ECLI:NL:RBDHA:2023:8078
Rechtbank Den Haag
- Eerste aanleg - enkelvoudig
- Rechtspraak.nl
Niet-ontvankelijkheid van asielaanvraag wegens vertrek met onbekende bestemming
In deze zaak heeft de Rechtbank Den Haag op 31 mei 2023 uitspraak gedaan in een bestuursrechtelijke procedure betreffende de asielaanvraag van eiser. Eiser had een aanvraag ingediend voor een verblijfsvergunning asiel voor bepaalde tijd, maar verweerder, de staatssecretaris van Justitie en Veiligheid, heeft deze aanvraag niet in behandeling genomen. Dit gebeurde op basis van het argument dat Italië verantwoordelijk is voor de behandeling van de asielaanvraag. Eiser heeft hiertegen beroep ingesteld, maar is niet verschenen op de zitting. De gemachtigde van eiser heeft wel contact gehad met hem, maar kon geen informatie geven over zijn verblijfplaats.

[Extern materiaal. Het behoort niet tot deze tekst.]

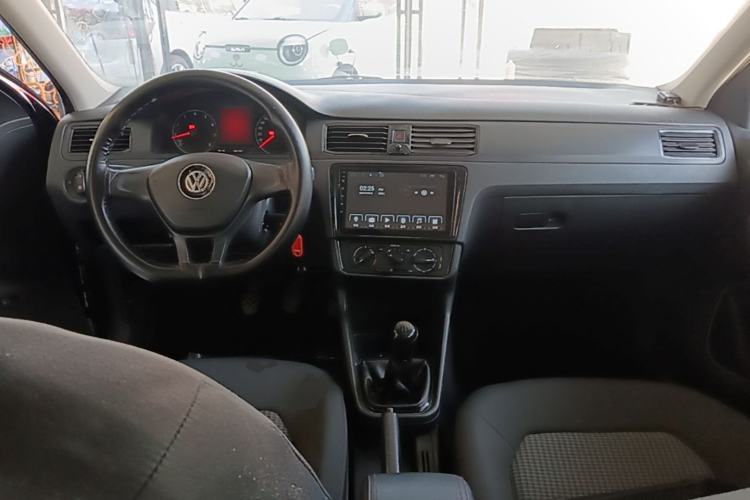 Used Volkswagen Santana 2019 1.5L Manual Fashion Edition China VI Standard Center Console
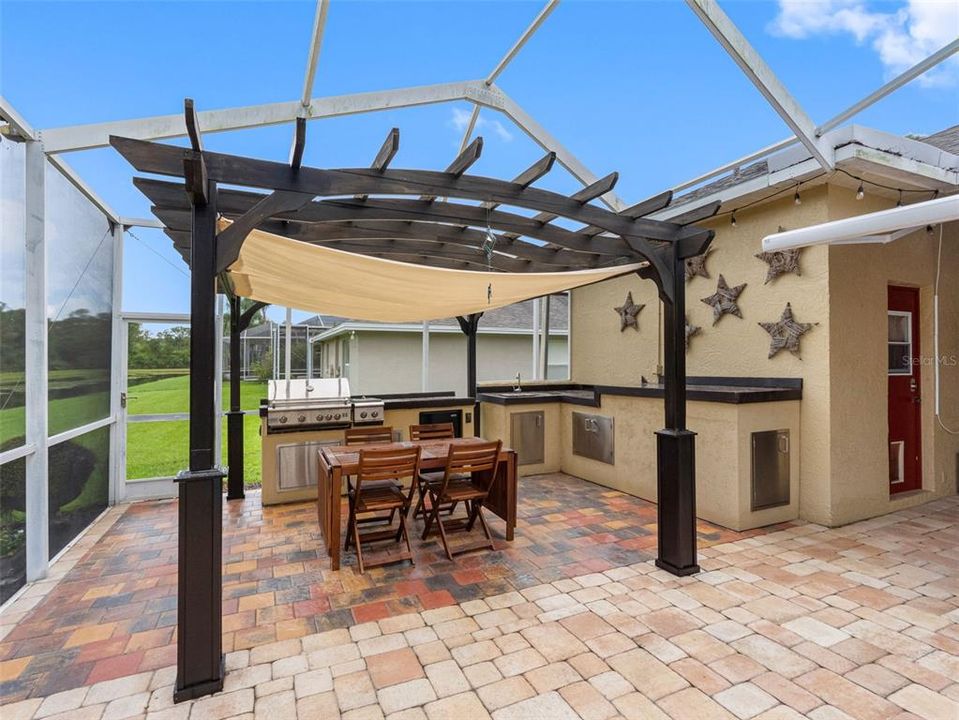 En Venta: $779,900 (4 camas, 3 baños, 2613 Pies cuadrados)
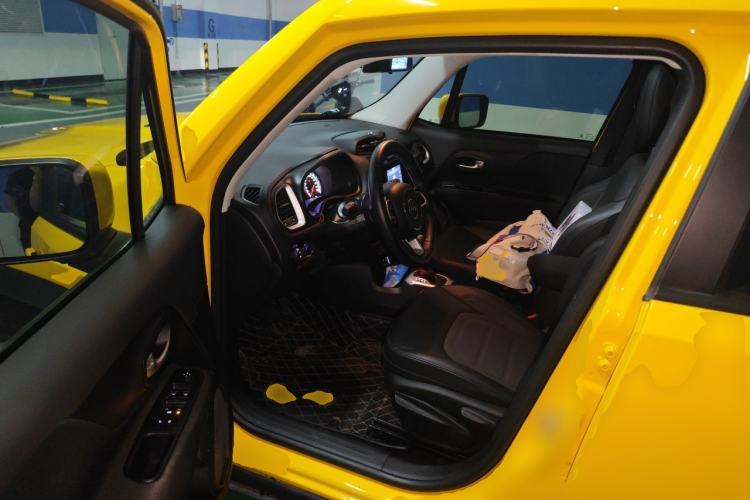 Used Jeep Renegade 2019 220T Automatic Leading Edition Driver Seat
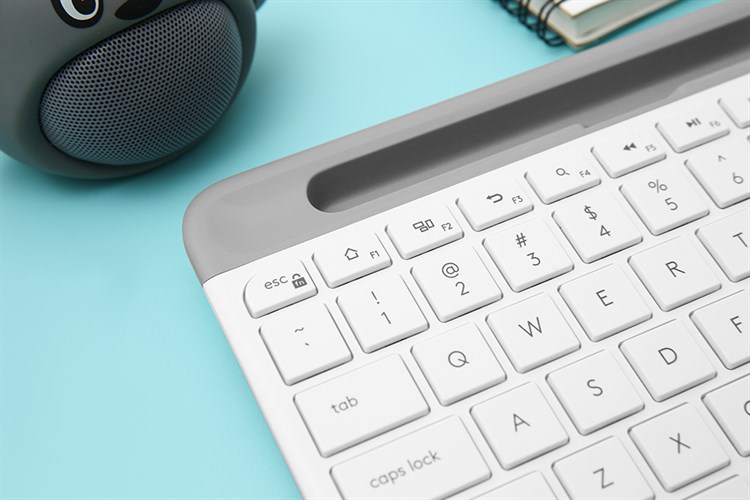 Bàn Phím Không Dây Bluetooth Logitech K580 Màu Trắng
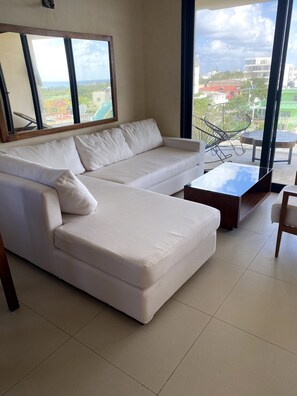 Departamento Confort, 2 habitaciones | Decoración personalizada y muebles diferentes 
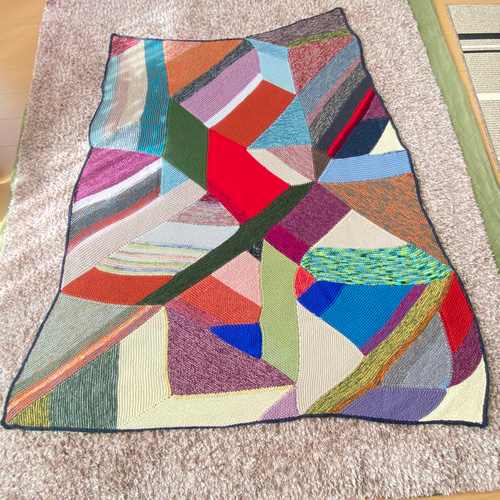 レトロカラーの手編みアートブランケット ソファやベッドに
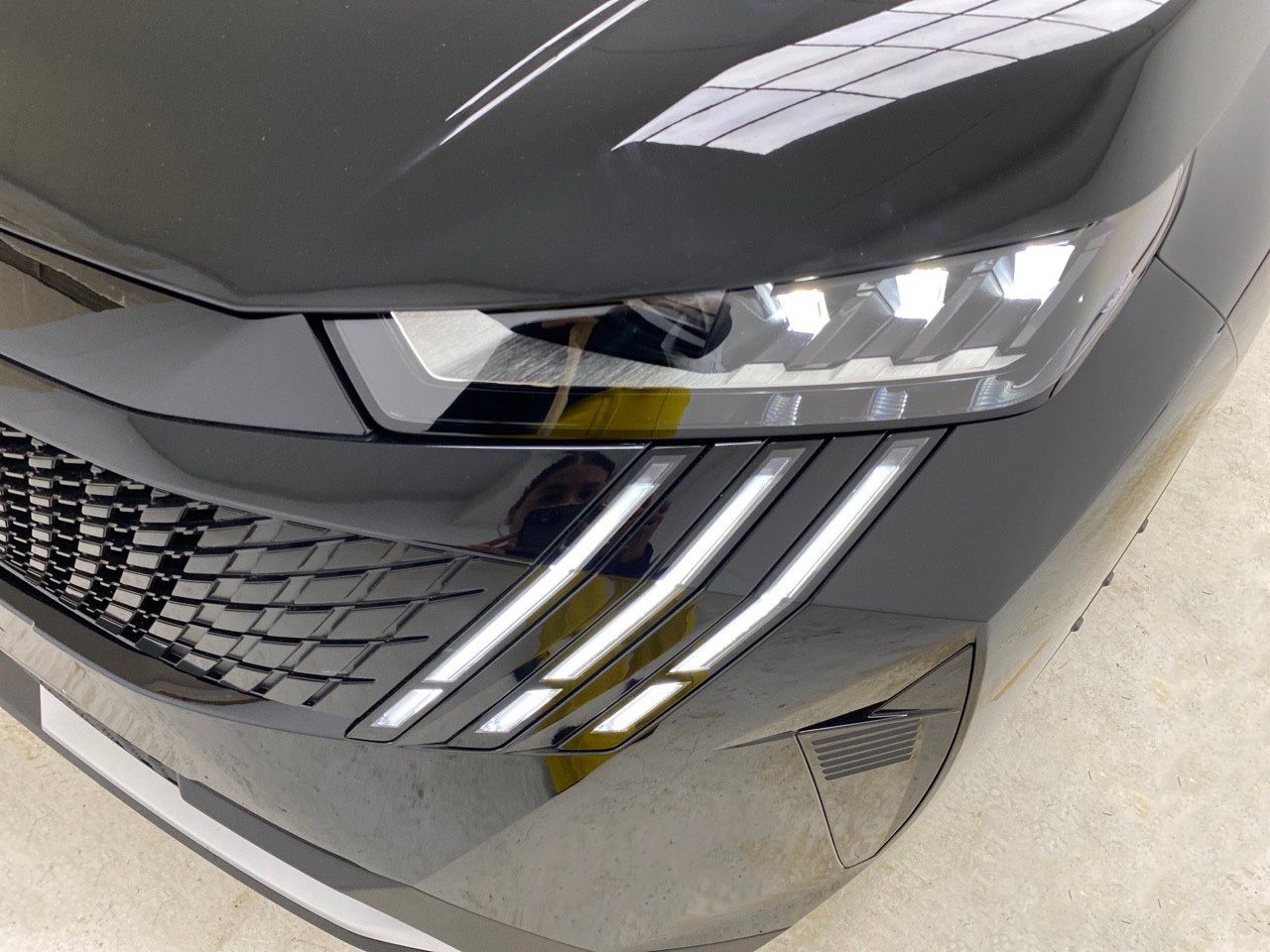 Peugeot 5008 1.2 107KW GT eDCS6 24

De rechtbank heeft vastgesteld dat eiser met onbekende bestemming is vertrokken en dat er geen duidelijkheid is over zijn huidige verblijf. Gezien de omstandigheden en de reactie van de gemachtigde van eiser, concludeert de rechtbank dat eiser niet langer prijs stelt op de internationale bescherming die hij aanvankelijk zocht. Hierdoor heeft eiser geen belang meer bij de inhoudelijke beoordeling van zijn beroep, wat leidt tot de conclusie dat het beroep niet-ontvankelijk is verklaard. De rechtbank heeft geen aanleiding gezien voor een proceskostenveroordeling.
De uitspraak is openbaar gemaakt en er is een rechtsmiddel tegen deze uitspraak mogelijk binnen één week na bekendmaking.